Most of us here on the boards fit in the 20 to 50 year old category. We at least remember what it was like to have to *buy* a cd! Think about the impact of those below us who will grow up in a culture where, if you want an album, you download it and burn it yourself.
From the RIAA's point of view, it's easier to send a watered down "cease and desist" letter rather than rethinking ways to relate to this new demographic.
The whole situation reminds me of when electrical grids were just being set up, however metering was not widespread and the available meters crude.
Eventually when the technology improves, the system will have to move to a "pay what you weigh" billing scheme just like all of our other utilities.
I mean, let's face it. Internet access is becoming a utility, just like electricity, water gas, etc. Why then should it not be billed by the gallon, kW or whatever just like any other utility?

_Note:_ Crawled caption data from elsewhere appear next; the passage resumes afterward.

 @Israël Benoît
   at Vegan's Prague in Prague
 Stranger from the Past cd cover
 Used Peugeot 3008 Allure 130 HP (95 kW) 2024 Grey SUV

I know it sounds aweful to the all-you-can-eat salad bar culture, but it's probably inevitable.
-Chris
--an unbreakable toy is useful for breaking other toys--
I was told something similar a few years ago when I was one of the student support staff at my alma mater (a larger private university). The IT director said the administration got letters from the RIAA all the time reporting student computers distributing copyrighted files, and asking for the student names and contact info. The university's response was to contact the student personally, make it very clear that they were not to do this or else they'd lose their network connection, verify that they'd removed copyrighted material from public view, and then reply to the RIAA that any problem that might have existed was resolved. No admission of wrongdoing, no personal information- they handle it internally and tell the RIAA to bug off.
This is by far the most sensible policy. The net admins have better things to do than monitor the network all the time, and the administration has no desire to turn over its students to entertainment lawyers. All they care about is keeping a well-ordered network, where students don't clog the T3 and don't get lawyergrams sent to the President's office. Students have in fact been thrown off the residential network for violations, but I don't think anyone's been in trouble with outside authorities.